The Basel Committee has been defined Operational Risk as the risk of loss resulting from inadequate or failed internal processes, people, and systems or external events. The International Association of Insurance Supervisors defines operational risk similarly as:
The risk of adverse change in the value of capital resources resulting from operational events such as inadequacy or failure of internal systems, personnel, procedures or controls, and external events.
Examples of Operational Risk:
Seven categories of operational risk have been identified by the Basel Committee:
- Internal fraud: Acts of a type intended to defraud, misappropriate property or circumvent regulations, the law, or company policy (excluding those concerned with diversity or discrimination) involving at least one internal party. Examples include intentional misreporting of positions, employee theft, and insider trading on an employee’s account.
- External fraud: Acts by a third party of a type intended to defraud, misappropriate property, or circumvent the law.
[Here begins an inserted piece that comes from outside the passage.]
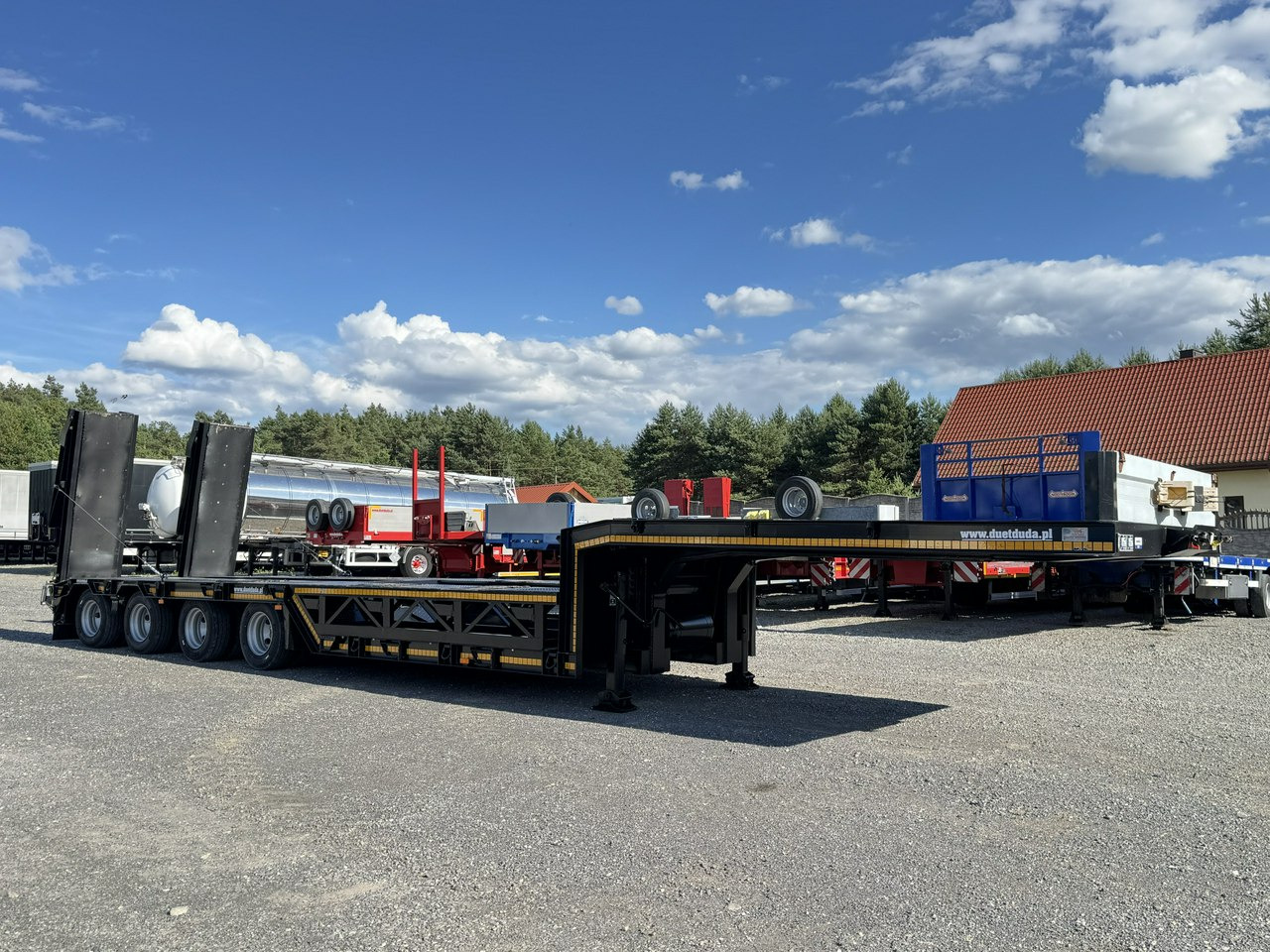 Bodex 4 osiowa NN4J Niskopodwoziówka Niskopodwozie Nowe Opony - 低装载半拖车:图5 Bodex 4 osiowa NN4J Niskopodwoziówka Niskopodwozie Nowe Opony - 低装载半拖车:图5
Examples include robbery, forgery, check to kite, and damage from computer hacking.
- Employment practices and workplace safety: Acts inconsistent with employment, health or safety laws or agreements, resulting in payment of personal injury claims or claims relating to diversity or discrimination issues. Examples include workers’ compensation claims, violation of employee health and safety rules, organised labor activities, discrimination claims, and general liability (for example, a customer slipping and falling at a branch office).
- Clients, products, and business practices: Unintentional or negligent failure to meet a professional obligation to clients and the use of inappropriate products or business practices. Examples are fiduciary breaches, misuse of confidential customer information, improper trading activities on the bank’s account, money laundering, and the sale of unauthorised products.
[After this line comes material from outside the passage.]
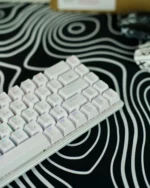 ⁦White Mechanical Arabic Keyboard 60%⁩ - الصورة ⁦5⁩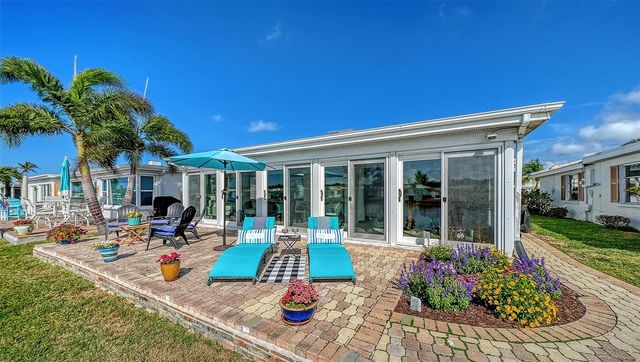 900 SPANISH DRIVE N, Longboat Key, FL 34228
- Damage to physical assets: Loss or damage to physical assets from natural disasters or other events. Examples include terrorism, vandalism, earthquakes, fires, and floods.
- Business disruption and system failures: Disruption of business or system failures. Examples include hardware and software failures, telecommunication problems, and utility outages.
- Execution, delivery, and process management: Failed transaction processing or process management and disputes with trade counterparties and vendors. Examples include data entry errors, collateral management failures, incomplete legal documentation, unapproved access to clients’ accounts, non-client counterparty misperformance, and vendor disputes.